On Monday night, the San Diego Padres were taking on the Texas Rangers in a regular season MLB game.

The Padres were up 10-3 in the eighth inning when Fernando Tatis Jr. stepped to the plate. Tatis is a 21-year-old phenom that now leads the league in home runs. Tatis had already hit one home run in the game and with the bases loaded and a 3-0 count Tatis belted his second home run of the night and extended the Padres lead to 14-3. The pitcher who gave up the home run was replaced, and the very first pitch of the next at bat was thrown behind Manny Machado. The pitch, while it is hard to say whether it was for sure, appeared to be retaliation for Tatis’ grand slam. Why is this a big deal? Well baseball has these things they like to call unwritten rules. No other sport has nearly as many of them, and they cause quite a debate when they are enforced. Let me explain.

The Rangers were mad because the Padres were already up by seven runs with only one inning remaining. The bases were loaded, and most batters are going to take a 3-0 pitch. So by Tatis swinging and then hitting a grand slam the Rangers felt he was showing them up. For one by swinging at a 3-0 pitch and two for hitting a grand slam that brought in four runs to run their deficit to 11 runs. So in response they threw at the next batter to express their frustration.

Rangers manager Chris Woodward even referenced the unwritten rules in his post game press conference. What are these unwritten rules and what do they mean? I actually have a book that I bought many years ago titled ‘The unwritten rules of baseball” so I feel like I am ok to talk about them. I used to be pretty old school with baseball in that I felt many of these rules were fair. Then as I got older I started to see both sides and thought that the rules were dated.

Take Tatis for example, he is a young and up and coming star that is just free spirited and wants to play the game of baseball. He isn’t going up to the plate thinking he is going to show the pitcher or the Rangers up, he just wants to swing the bat. But baseball purists look at it as a sign of disrespect. Well, how about you don’t get down by seven runs and then give up a home run?

I just feel like these rules have run their course, and we are in a new era of baseball. The young stars go all out every game, and they don’t listen to the old school way of doing things as much anymore. The only unwritten rule I wholeheartedly agree with is every pitcher that throws to a Houston Astros batter this year should let them know you are there and throw inside. Why? Because the Astros got caught cheating and not one of their players was disciplined. They used video technology to tip their players off to what pitches are coming so they have a better chance to get a hit. If they were properly disciplined I would accept that, but every one of them is still out there every game, and there has been at least two fights already this year over that situation.

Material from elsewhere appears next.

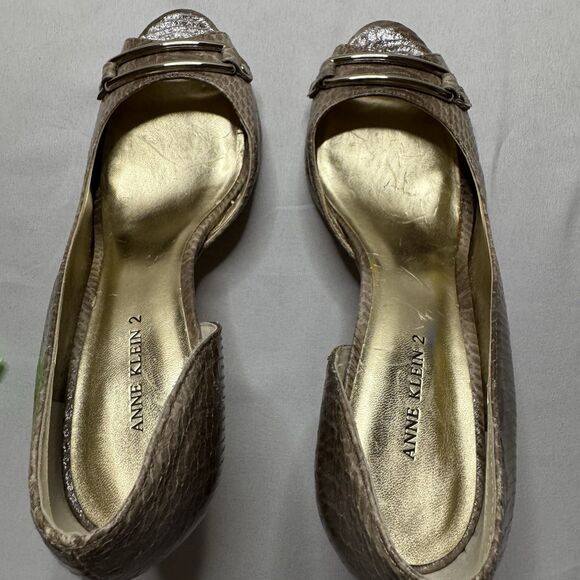 Anne Klein 2 D'orsay Snakeskin Embossed Peep Toe High Heel Shoes Women's Size 9 - Picture 2 of 12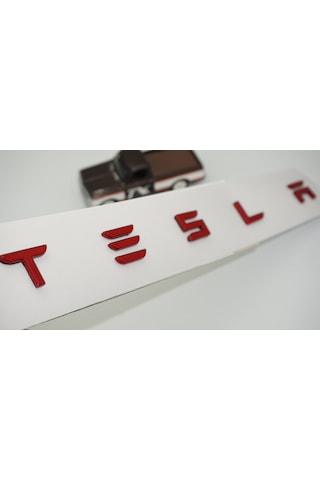 Dk Tuning Tesla Model 3 Y S X Series Bagaj Kırmızı Uzun Yazı Logo Bagaj Arma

So what are some other unwritten rules? Similar to Monday nights events, don’t steal when you have a big lead. If a pitcher hits one of your teammates, you hit one of theirs back, don’t admire a home run you hit, don’t bunt to break up a no-hitter. Then there are others that are more superstition than rules like don’t talk about a no hitter and don’t step on the foul line. The foul line thing still bothers me to this day. If I am watching a game and see someone step on the foul line I shutter just a bit. I also cringe when an announcer mentions a no-hitter in progress on television. So I am not totally against all of them.

The admiring a home run is complicated. Several years ago in a playoff game the Toronto Blue Jays star Jose Bautista hit a walk off home run to win the game, and he admired it as it left the yard and then promptly threw his bat on his way to first base. Since it was the playoffs the Texas Rangers waited until the following season to get their revenge, and it ended in a literal fistfight at second base after Bautista slid into the bag a little too hard.

We can debate forever about whether these rules help or hurt the game and whether breaking them compromises the integrity of the game. The rules are unwritten because MLB doesn’t feel like they need to be enforced, but there are plenty of players and coaches out there that enforce those rules to the letter. Whether you agree or disagree with them, we can all agree that baseball is more complicated than you see from the outside.